Dubai: Are wealthy investors waiting to see what Palm Jebel Ali offplan sales will come up with next?
As investor attention pivot’s towards Dubai property market’s next signature luxury destination - and a massive one too - sales at some of the other high-end communities have seen some slowdown in recent weeks, according to a new report from Reidin-GCP.
There have been two rounds of sales at the Palm Jebel Ali so far, even as anticipation builds for more releases to come. Of the homes released to date at the island, the price range is Dh18 million to Dh40 million.
“Given how demand is playing out for PJA, it will be no surprise if new launches start to see price premiums,” said an estate agent. “There is definite interest for the second Palm among high networth investors who want to get in before prices start rising sharply. They don’t want to be late coming in.” (Currently, in the secondary market, Palm Jebel Ali properties continue to show a slight premium on the launch prices.)
The most awaited would be the start of apartment sales on the Palm Jebel Ali. “Once the first set of apartment buildings at PJA come to market, we are talking about a new level of buying interest,” the agent added. (As of now, talk is that the apartment launches could happen before year-end, but there has been no confirmation from the developer.)
Some of the demand diversion to the new Palm could explain why sales of high-end homes at some of the other locations (except for the Palm Jumeirah) have dipped somewhat. Plus, since October 7, there is also the geopolitical factor, according to developer sources.
As of now, average sales value in year-to-date transactions at the Palm Jumeirah is close to the Dh4 million mark, that’s up 11 per cent from a year ago.
Other upscale residential locations
“How geopolitical tensions affect demand (and in turn, sales) may be a factor to consider going forward,” says the Reidin-GCP report. “We are seeing falling sale volumes - and values - among luxury communities.
“Dubai Creek Harbour and Dubai Hills Estate, which have been the two main drivers of sales among the newer communities, are starting to see quarterly downturns in transactions.

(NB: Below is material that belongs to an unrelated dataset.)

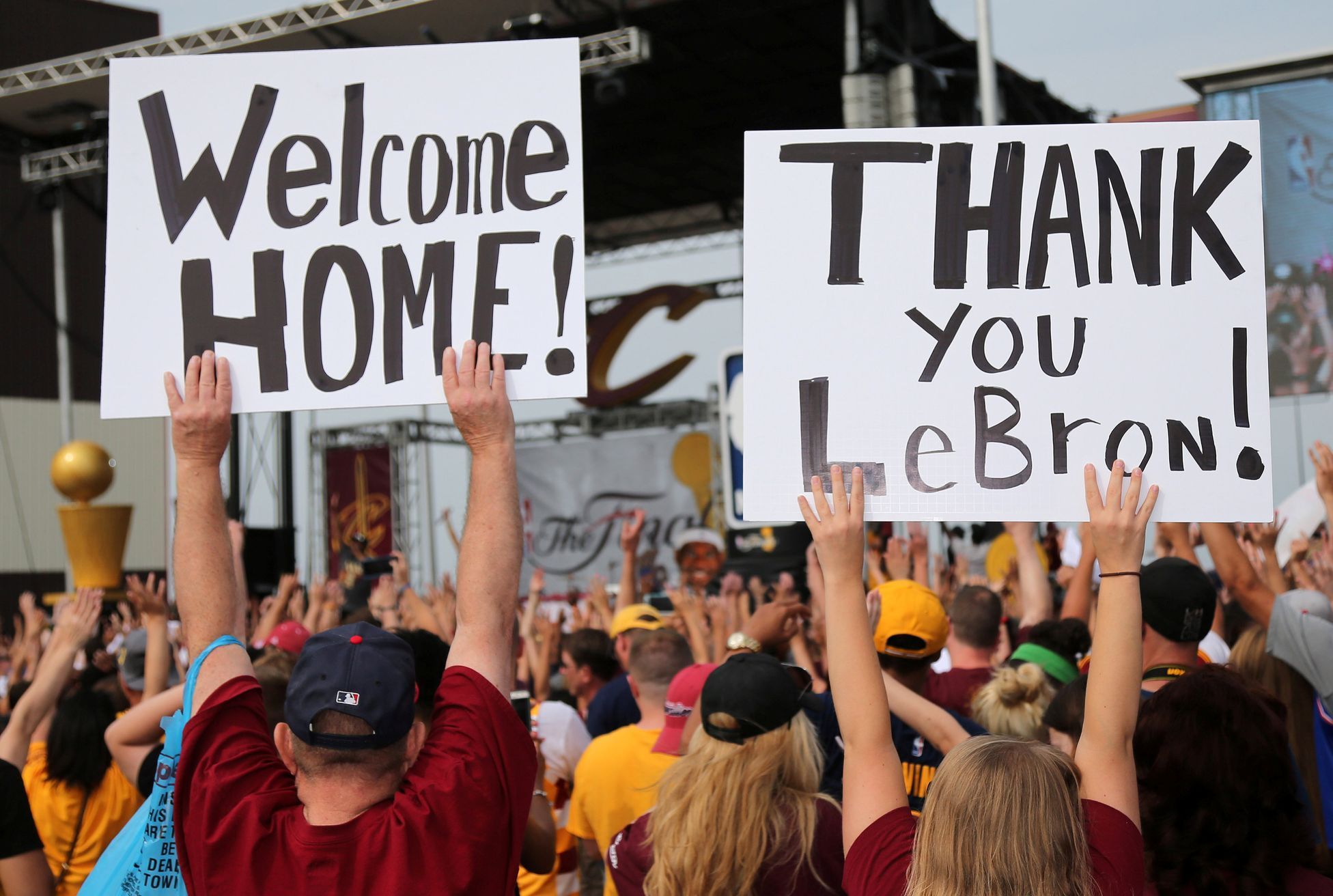 Cleveland Cavaliers fans celebrate and show their appreciation for LeBron James at a welcome party held at the airport in Cleveland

“This is likely due to rising interest rates and as luxury sales normalize, we can expect the mid-market to pick up.”
- Reidin-GCP report
Mid-market holds its own
Yet, the same sentiments are not visible in Dubai’s mid-market offplan market. A couple of recent launches by private developers did solid sales intake, according to the market.
The Reidin-GCP report also confirms the mid-market’s steady cycle of demand. But ‘the uptick in the mid market seen in transaction volumes does not show up in sales value’, the report notes. That’s ‘due to the transactions themselves being smaller-ticket items’.
“We can still see small quarterly upticks, and Dubai’s mid-market communities have not seen the same sharp drop off as their luxury peers.”
More sales sweeteners - even warranties
Private developers are also getting hyper-aggressive with their offers. Of course, the 1 per cent monthly payment scheme is becoming more widely available from developers. Others have responded with guaranteed returns.
Recently, there have been a couple of developers pushing 5-year ‘warranty’ on their properties. The ‘warranty’ provision is integral to any product or service, but as a sales hook in property, this is relatively new territory in Dubai.
But all that matters is whether this ultimately helps deliver a sale. Developers in Dubai have in these near 20 years of freehold seen their share of market cycles shifting - and the one thing they have tried to learn is stay ahead of the game.